ミリ単位の調整が生むシルバー925オーバルバックルベルト
- AZZWELL
- 2024年10月14日
- 読了時間: 3分
更新日:6 日前
ミリ単位の調整が生むオーダーベルトとシルバー925オーバルバックル
今回製作したオーダーベルトは、シルバー925オーバルバックルとイタリア・ワルピエ社のブッテーロレザーをミリ単位で組み合わせた一本です。
特徴的なのが、「21.5mm」というベルト幅。
一般的な20mmや24mmではなく、バックルのブリッジ幅に合わせてミリ単位で裁断した結果生まれた寸法です。革帯がぴたりと収まり、遊びやガタつきのない装着感が実現しました。
フォーマルシーンでも違和感なく、カジュアルな着こなしにも馴染む絶妙なバランスです。

ブッテーロレザーの魅力と仕上げの工夫
使用したブッテーロレザーは、しっかりとしたコシを持ちながらも使い込むほど艶が増し、色の深みが際立っていく植物タンニン鞣し革です。
今回のベルトには、ネン入れ仕上げを採用しました。
ネンを入れることで輪郭が強調され、全体がぐっと引き締まった印象に。
右側がネン入り仕様の写真では、同じ革でも仕上げひとつでこれほど印象が変わることを実感いただけます。革本来の風合いを大切にしながら、フォーマル寄りにもカジュアル寄りにも寄せられるのがブッテーロの強みです。

バックルと革の厚みに合わせた調整
ベルトの帯だけでなく、バックル自体も革の厚みに合わせて製作。
ブリッジの高さはほんの数ミリ違うだけで使い心地が大きく変わります。
今回は厚さ3mm前後のブッテーロに合わせ、ブリッジは低めに設定。
さらにピンの形状も楕円ホールに合うように叩き整形し、滑らかに磨き上げています。
こうした細やかな調整が、ベルトを装着した時のフィット感と快適さにつながります。
機能性と美観の両立は、手仕事ならではの積み重ねによって成り立っています。

剣先デザインがもたらす上品な存在感
剣先のデザインはベルト全体の印象を大きく左右する要素です。
今回は細身ながらも存在感が出るよう、角度や長さをミリ単位で微調整しました。
革の厚みによって最適な剣先形状は異なるため、その都度設計し直しています。
細身のベルトでも品格を損なわず、ジャケットスタイルにもデニムスタイルにも違和感なく馴染むように仕上げました。
上品さと実用性を兼ね備えた剣先は、一本のベルトを長く愛用する上で欠かせない要素です。

手縫いが生み出す強度と立体感
バックル留め部分は、すべて手縫いによって仕立てています。
一本一本の糸の締まり具合を確認しながら進めることで、機械縫いには出せない立体感と強度が生まれます。

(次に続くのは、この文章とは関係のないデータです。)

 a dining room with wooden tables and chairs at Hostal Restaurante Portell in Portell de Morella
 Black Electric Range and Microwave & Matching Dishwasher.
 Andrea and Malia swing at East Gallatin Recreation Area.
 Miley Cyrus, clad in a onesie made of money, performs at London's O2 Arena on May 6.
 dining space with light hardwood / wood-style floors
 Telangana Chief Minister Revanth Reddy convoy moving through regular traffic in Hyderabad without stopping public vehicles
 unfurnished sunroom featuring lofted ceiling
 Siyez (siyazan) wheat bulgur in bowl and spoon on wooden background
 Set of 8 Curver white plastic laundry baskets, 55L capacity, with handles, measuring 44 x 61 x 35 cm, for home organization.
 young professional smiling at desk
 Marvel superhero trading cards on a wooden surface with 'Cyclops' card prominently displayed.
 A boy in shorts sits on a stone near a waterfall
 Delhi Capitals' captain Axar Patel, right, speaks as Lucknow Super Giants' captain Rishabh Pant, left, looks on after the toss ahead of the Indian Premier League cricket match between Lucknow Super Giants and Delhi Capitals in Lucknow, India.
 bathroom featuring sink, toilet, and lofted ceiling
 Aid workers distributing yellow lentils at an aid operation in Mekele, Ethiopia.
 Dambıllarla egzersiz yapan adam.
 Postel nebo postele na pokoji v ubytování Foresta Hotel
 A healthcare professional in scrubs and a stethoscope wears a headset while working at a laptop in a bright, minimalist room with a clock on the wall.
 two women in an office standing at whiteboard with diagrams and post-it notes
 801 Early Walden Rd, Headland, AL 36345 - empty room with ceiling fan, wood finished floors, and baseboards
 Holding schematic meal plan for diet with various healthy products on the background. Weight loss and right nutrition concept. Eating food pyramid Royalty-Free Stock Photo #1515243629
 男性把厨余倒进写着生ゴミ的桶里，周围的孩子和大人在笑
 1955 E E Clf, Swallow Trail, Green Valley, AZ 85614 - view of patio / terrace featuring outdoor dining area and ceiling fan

強い力が加わる部分だからこそ、耐久性と美観を兼ね備えた仕上げが必要です。
見えにくい部分にも時間と手間を惜しまないことで、日常的な使用に耐えうる確かな品質を実現しています。
積み重ねたディテールが一本の完成度を高める
今回のオーダーメイドベルトは、シルバー925のバックルとブッテーロレザーという上質な素材を用いながら、細部にわたる調整を積み重ねることで完成しました。
幅21.5mmという寸法、剣先の角度、バックルのブリッジやピンの形状、手縫いの糸締め。
小さなディテールの積み重ねが使い心地と美しさに繋がる—— そんな一本ができあがりました。
末永くご愛用いただければ幸いです。